**Provided material:**
◇ ◇ ◇

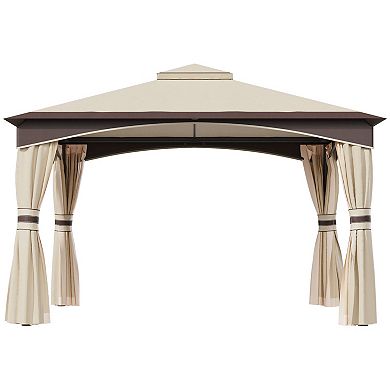 10' X 12' Outdoor Patio 2-tier Roof Gazebo Canopy Steel Frame W/ Mesh Sidewalls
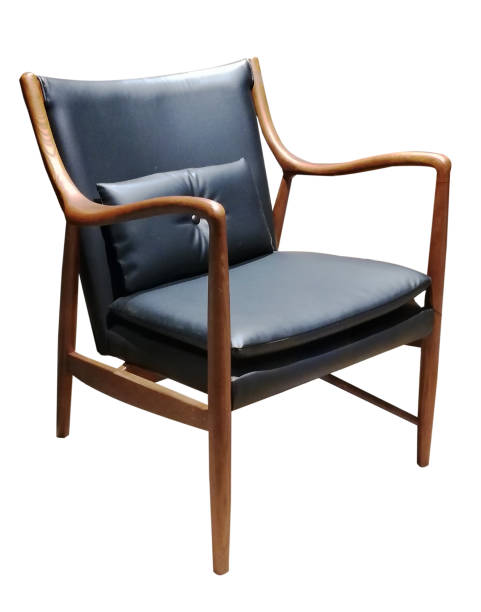 istock Modern leather chair with rustic armrests on a white background. 2125214844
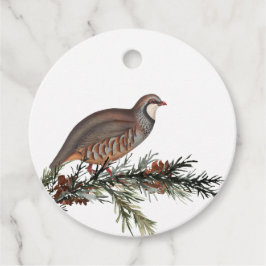 Klassische Weihnachts-Winter-Partridge-Bird-Gesche Geschenkanhänger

◇ ◇ ◇

**To do:**
With the pictures left out, output exactly the lines that begin at the line containing "istock Modern leather" and end at the last line of the material.

**Exercise output:**
 istock Modern leather chair with rustic armrests on a white background. 2125214844
 Klassische Weihnachts-Winter-Partridge-Bird-Gesche Geschenkanhänger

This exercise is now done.